(Web page caption snippets)

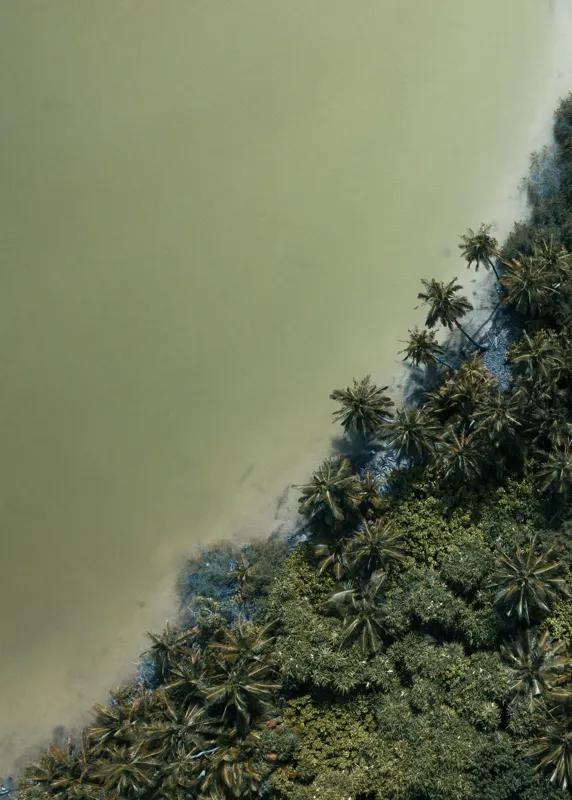 Tablou Canvas, "Pădurea tropicală întâlnește marea calmă", Pădure, Palmieri, Apă, Mal, Natură, Verde, Peisaj, Aerian, Tranziție, Contrast., 50 x 70 cm – poza 2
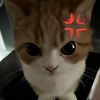 taxx_76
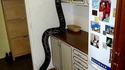 Man ! Y'a une bestiole dans la cuisine !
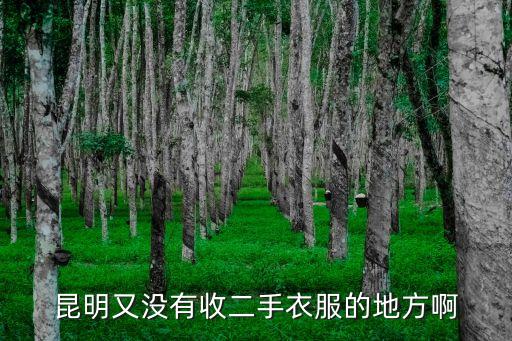 昆明又没有收二手衣服的地方啊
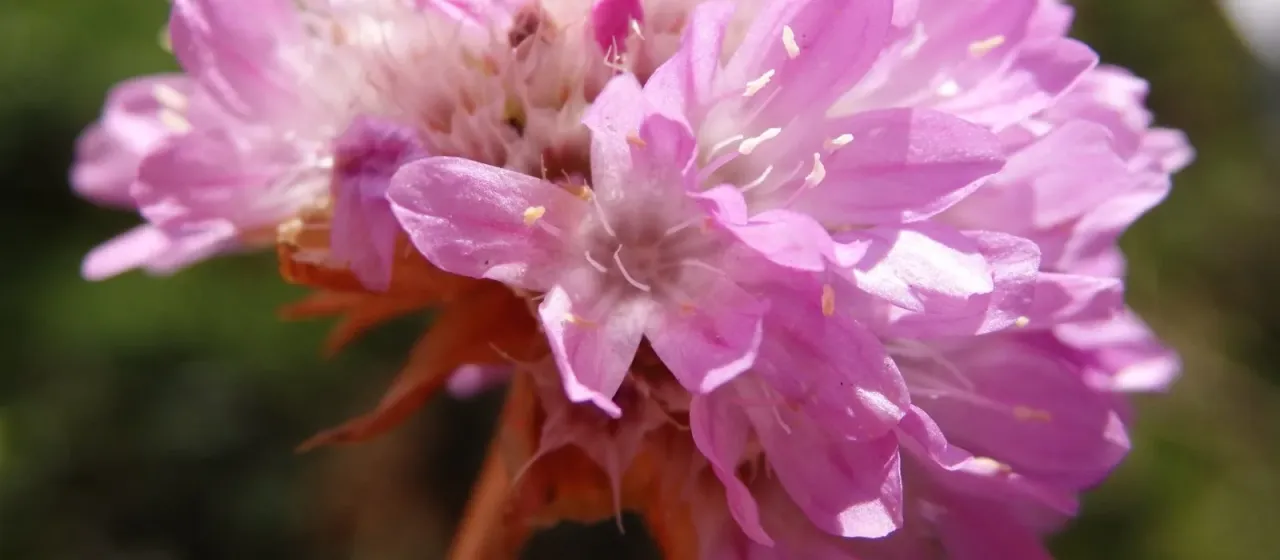 Armeria beirana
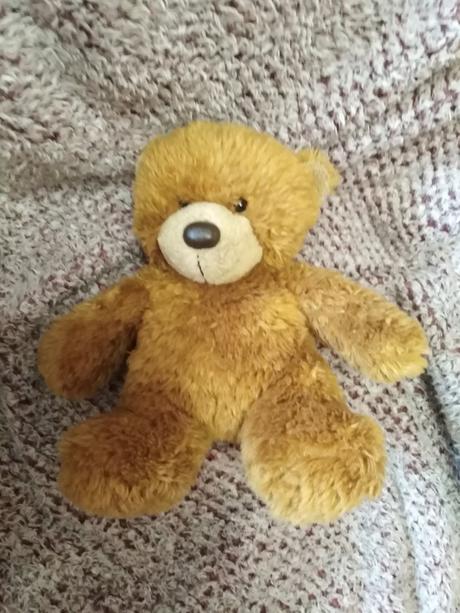 Plyšový medvídek, 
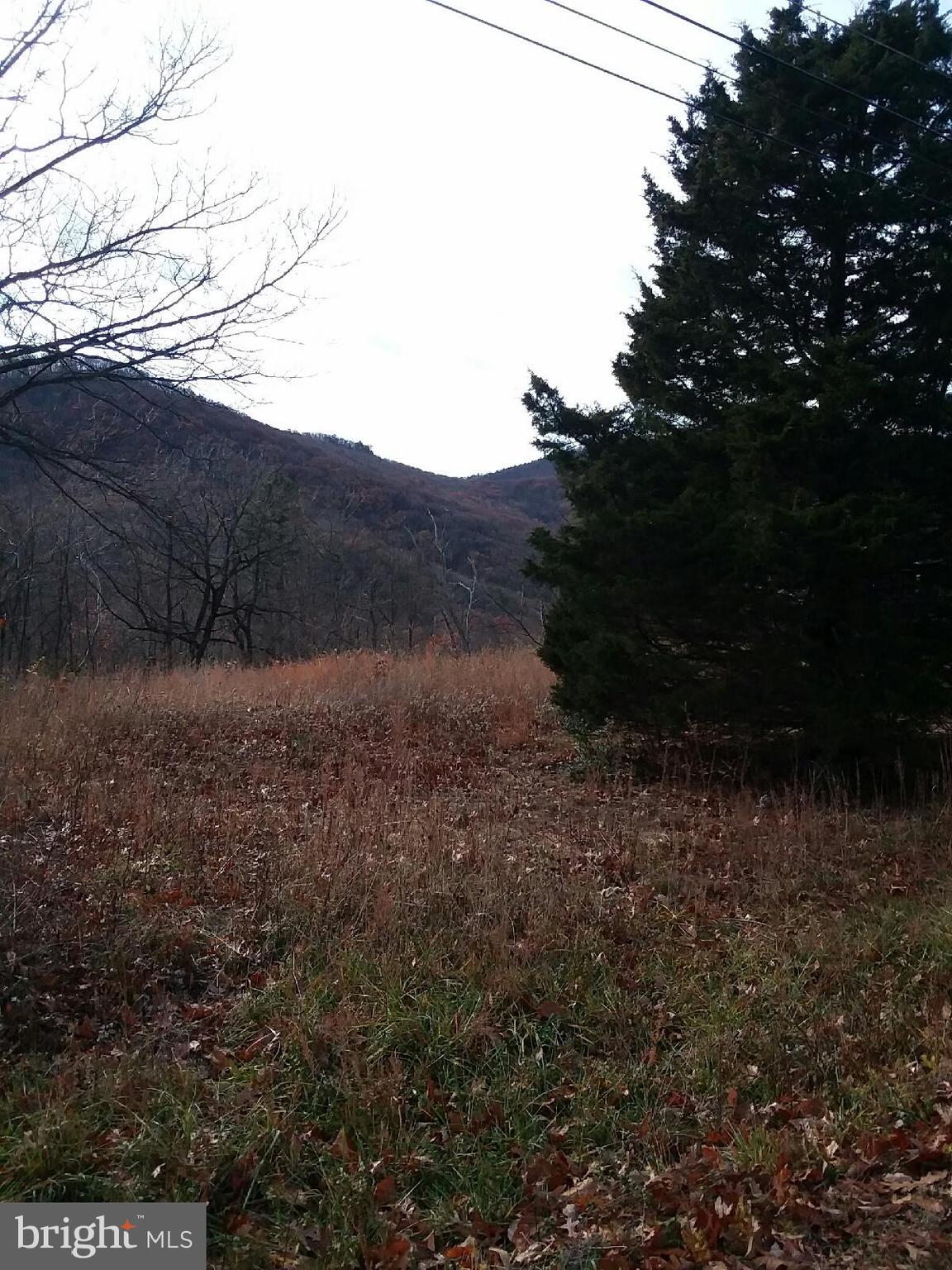 Lower Valley Road Strasburg, VA 22657 - Photo 7 of 8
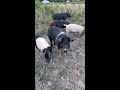 Pigs on pasture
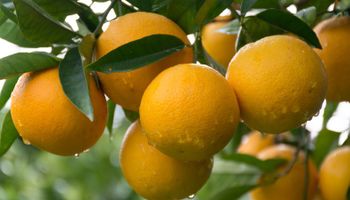 Existe apenas uma laranja com Indicação Geográfica no Brasil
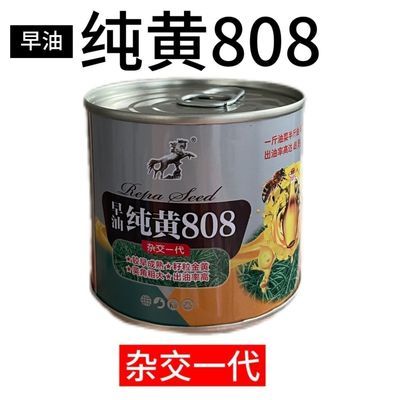 纯黄808油菜高产种子黄籽新品种早熟杂交耐寒油菜籽榨油罐装正品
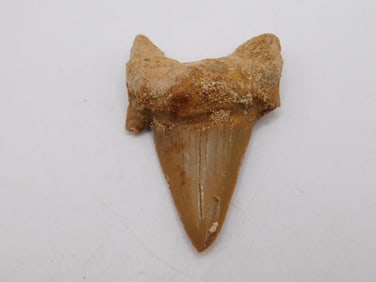 SHARK TOOTH ROCK STONE LAPIDARY SPECIMEN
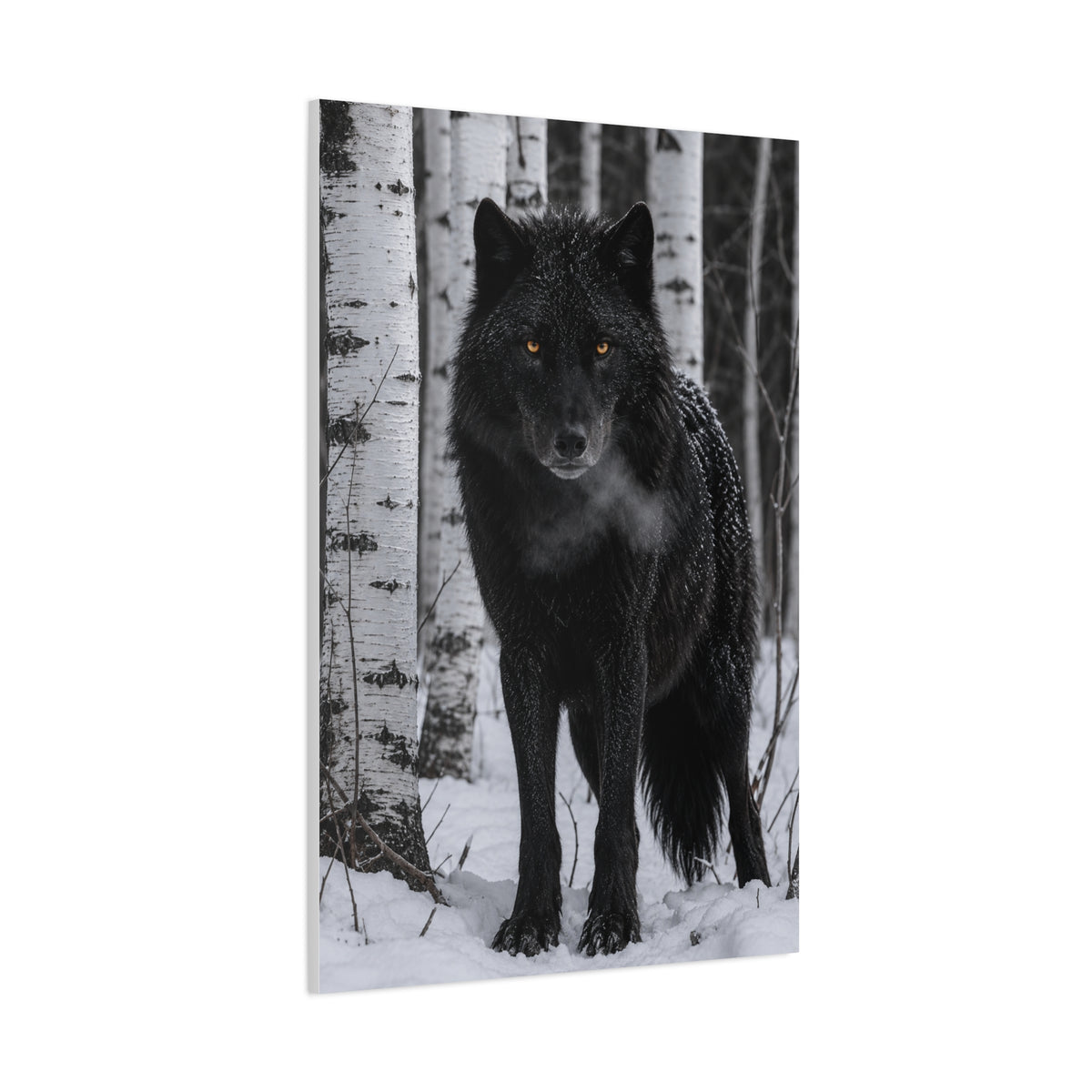 Midnight Black Wolf Aspen Forest Portrait Wall Art & Canvas Print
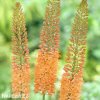 oranzovy Liliochvostec Eremurus cleopatra 4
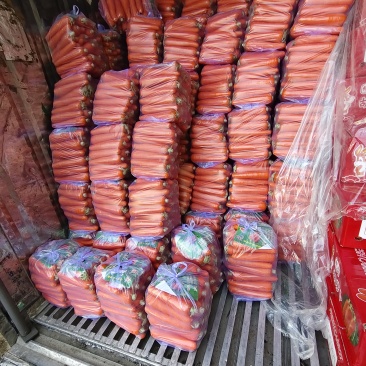 精品胡萝卜
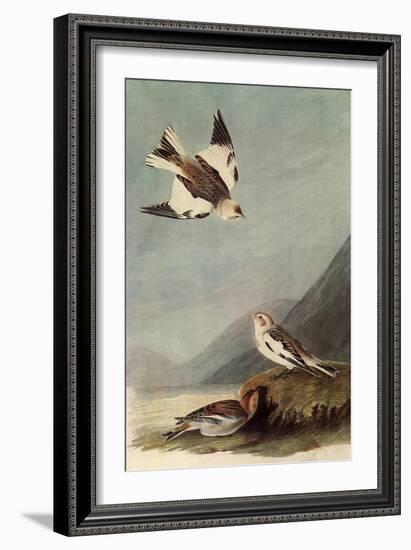 Snow Buntings-John James Audubon-Framed Giclee Print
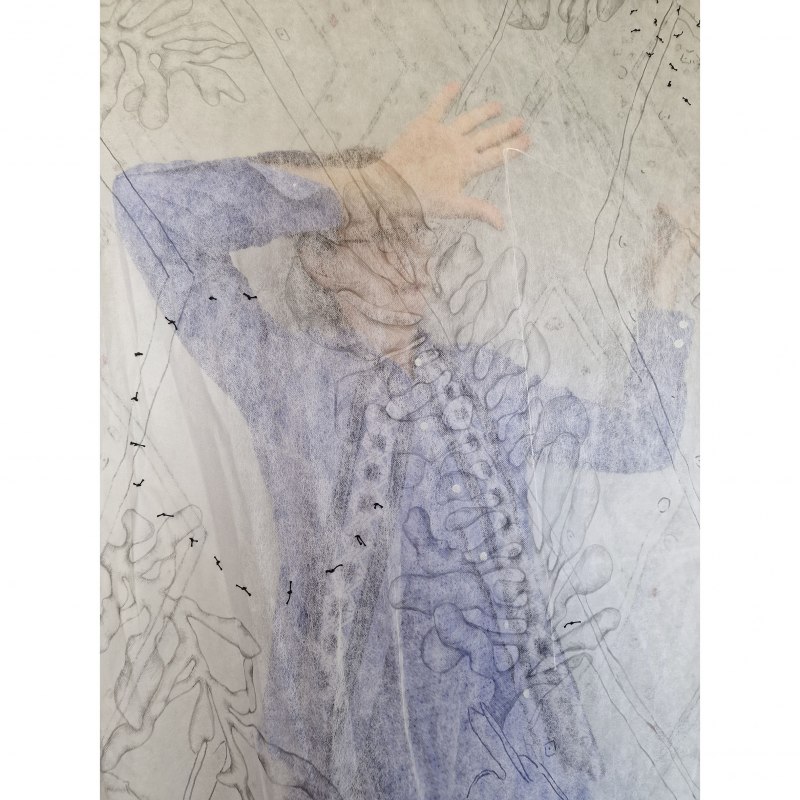 Artist, graphite, ink, thread behind and on transparent fabric, 2025 // &copy; Karen Kunkel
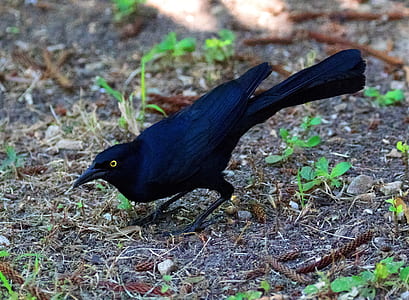 black crow on ground thumbnail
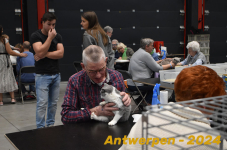 Antwerpen 261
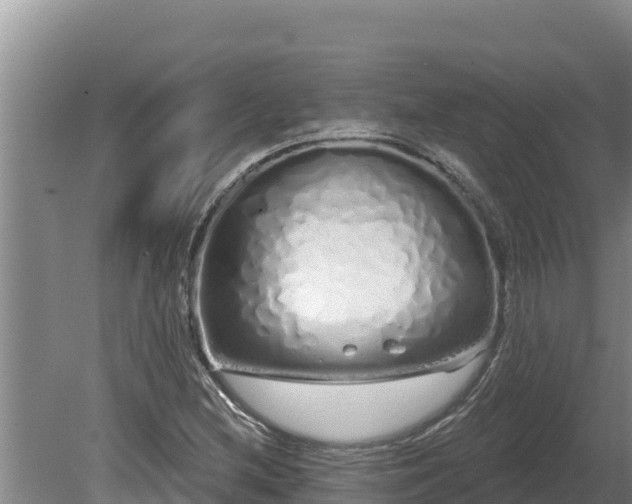 X0000080131212200612151730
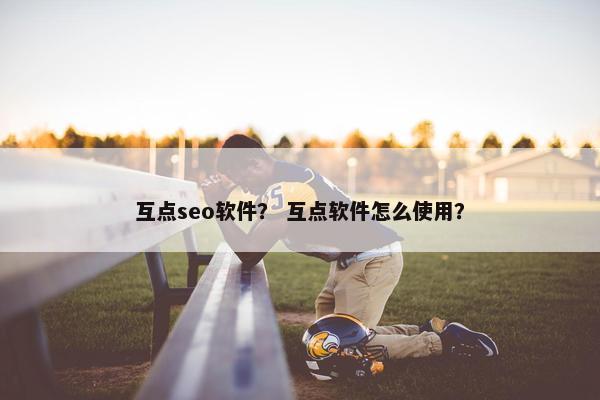 互点seo软件？ 互点软件怎么使用？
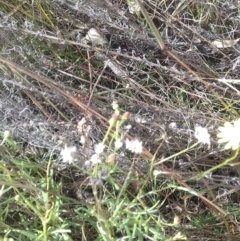 Senecio madagascariensis at Watson, ACT - 9 May 2022 11:16 AM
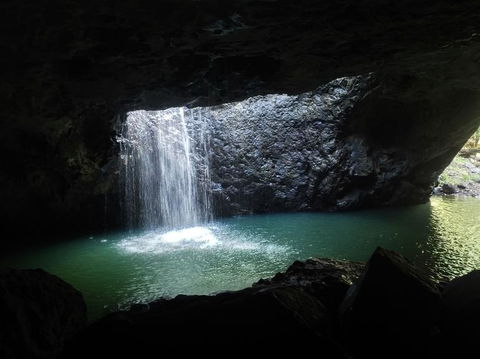 Springbrook AndTamborine Rainforest Tour Incl Natural Bridge And Glow Worm Cave - Melbourne Tourism 2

Brief:
Could you transcribe every entry exactly, leaving out the pictures?

Expected output:
 Tablou Canvas, "Pădurea tropicală întâlnește marea calmă", Pădure, Palmieri, Apă, Mal, Natură, Verde, Peisaj, Aerian, Tranziție, Contrast., 50 x 70 cm – poza 2
 taxx_76
 Man ! Y'a une bestiole dans la cuisine !
 昆明又没有收二手衣服的地方啊
 Armeria beirana
 Plyšový medvídek, 
 Lower Valley Road Strasburg, VA 22657 - Photo 7 of 8
 Pigs on pasture
 Existe apenas uma laranja com Indicação Geográfica no Brasil
 纯黄808油菜高产种子黄籽新品种早熟杂交耐寒油菜籽榨油罐装正品
 SHARK TOOTH ROCK STONE LAPIDARY SPECIMEN
 Midnight Black Wolf Aspen Forest Portrait Wall Art & Canvas Print
 oranzovy Liliochvostec Eremurus cleopatra 4
 精品胡萝卜
 Snow Buntings-John James Audubon-Framed Giclee Print
 Artist, graphite, ink, thread behind and on transparent fabric, 2025 // &copy; Karen Kunkel
 black crow on ground thumbnail
 Antwerpen 261
 X0000080131212200612151730
 互点seo软件？ 互点软件怎么使用？
 Senecio madagascariensis at Watson, ACT - 9 May 2022 11:16 AM
 Springbrook AndTamborine Rainforest Tour Incl Natural Bridge And Glow Worm Cave - Melbourne Tourism 2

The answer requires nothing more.